Other people take off the Christmas holidays to have fun. I delight in using the time away from normal programming work to work on DTCoreText.

There are many wide-reaching changes to warrant an increase in version number on the second digit. I need to sum them up in this location because you might have projects that rely on DTCoreText for displaying attributed strings.

Version 1.1. marks the second major improvement related to parsing HTML. The first step was to replace NSScanner with libxml2. The approach there was to keep track of a sort of DOM fragment comprised of DTHTMLElements. The actual text would be tracked separately and at certain locations the current text would be put into the current element and appended to the building string.

The problem with the previous approach was that it caused the code to be extremely convoluted because I needed to keep track of a multitude of parameters: whether the previous string had whitespace at the end, whether the next string fragment would require a newline before being flushed because it belonged to a block-level element and much more.

DOM-inating

The new parsing approach greatly simplifies the code inside DTHTMLAttributedStringBuilder, both in the DTHTMLParser delegate callbacks as well as the blocks to be executed for beginning and ending of tags. DTHTMLElement is now itself a subclass of DTHTMLParserNode. This represents a node in the parse tree which a name, attributes and child nodes.

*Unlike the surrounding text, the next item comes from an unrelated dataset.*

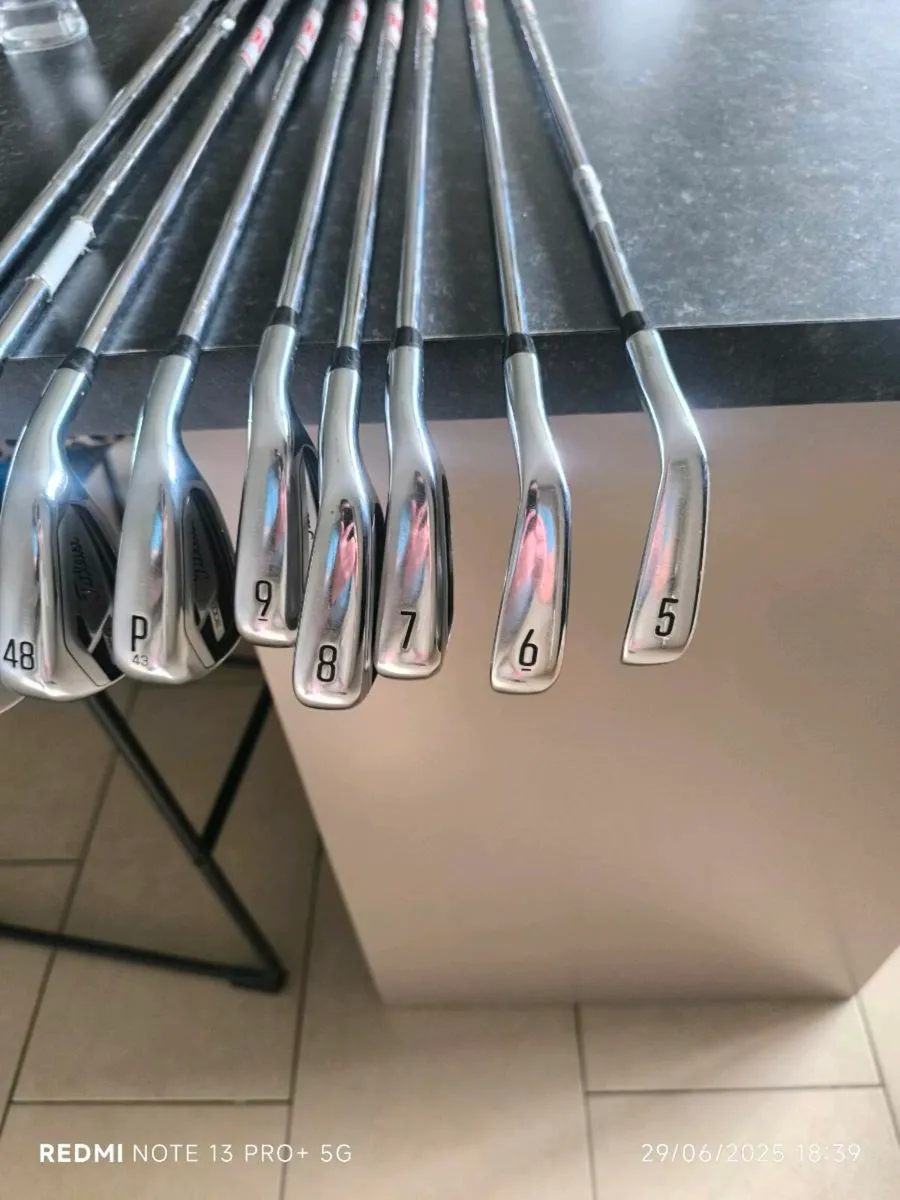 Titleist t300 irons - Image 1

Because this approach constructs an actual Document Object Model (DOM) of the HTML document you can output a HTML-like structure similar to how Safari shows the structure of an inspected document.

DOM structure

 

This output works because DTHTMLParserNode provides a debugDescription method which constructs this properly indented display.

The default mode of DTHTMLAttributedStringBuilder is to discard child nodes that it does not need any more, but you can have the structure be preserved and output it at any stage during or after the build process. The _rootNode IVAR points to the root node of the document, the _bodyElement points to the tag representing the <body> tag.

libxml2 always adds a body tag even if the parsed HTML did not have one. It does an exceptionally good job in making the HTML well-formed. Must be from its XML parsing heritage.

Class-Cluster Polymorphism

This new approach to a DOM tree allowed me to remove all these crufty state IVARs and a few specialized methods from the begin and end tag handlers. Those are blocks that get called after a new node is opened or closed by libxml2.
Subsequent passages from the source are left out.